### INPUT DATA
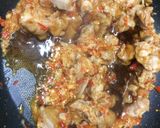 รูปขั้นตอนการทำที่ 5 ของ กะเพราเอ็นไก่ทอด (น้ำเยิ้ม)
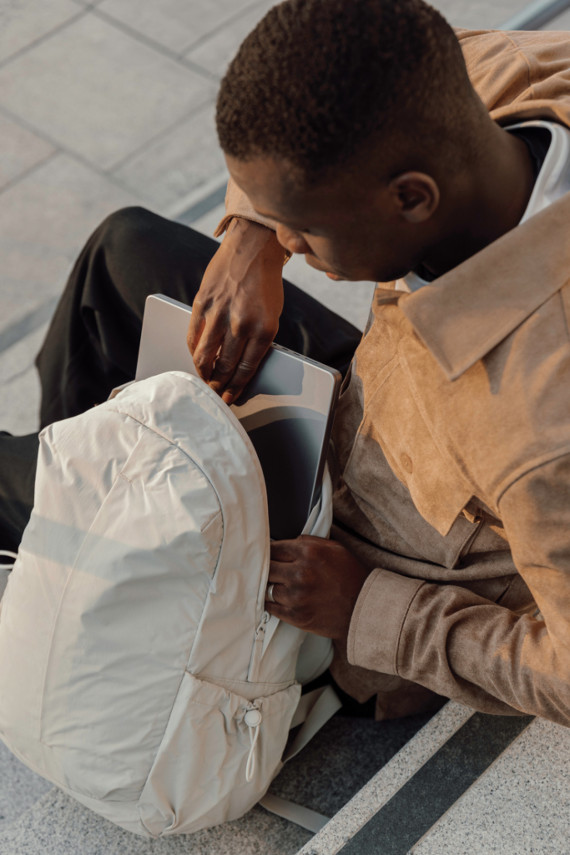 Batoh Urban KENTO z RCS recykl. nylonu s předním zipem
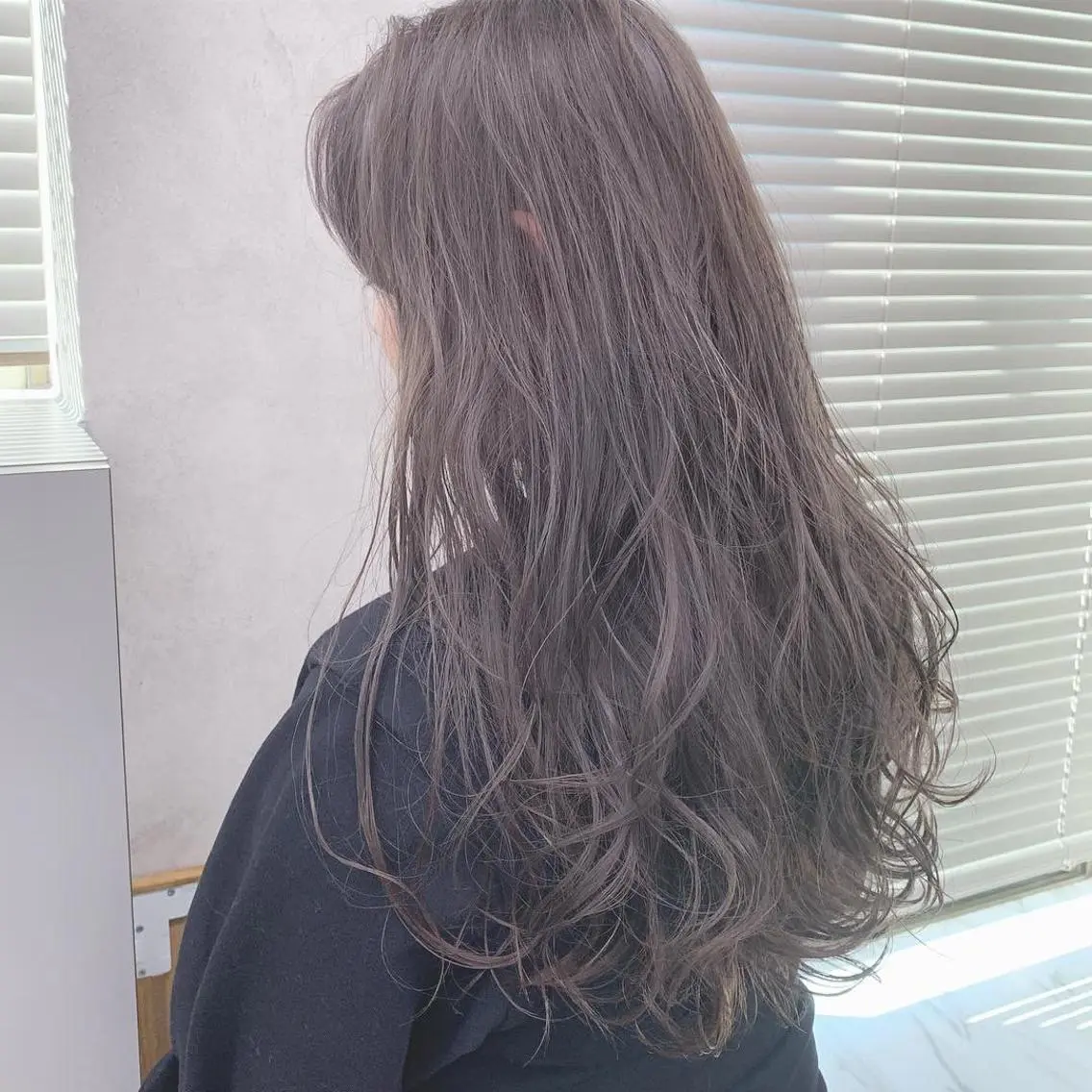 ロング カラー ヘアアレンジ グレージュ ラベンダーカラー ラベンダーグレージュ ラベンダーグレー 美髪矯正/透明感カラ ー🫧YUUKI🫧のヘアスタイル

### WORK TO BE COMPLETED
Would you write out the data exactly, with no pictures in the copy?

### ANSWER FOR THIS EXERCISE
 รูปขั้นตอนการทำที่ 5 ของ กะเพราเอ็นไก่ทอด (น้ำเยิ้ม)
 Batoh Urban KENTO z RCS recykl. nylonu s předním zipem
 ロング カラー ヘアアレンジ グレージュ ラベンダーカラー ラベンダーグレージュ ラベンダーグレー 美髪矯正/透明感カラ ー🫧YUUKI🫧のヘアスタイル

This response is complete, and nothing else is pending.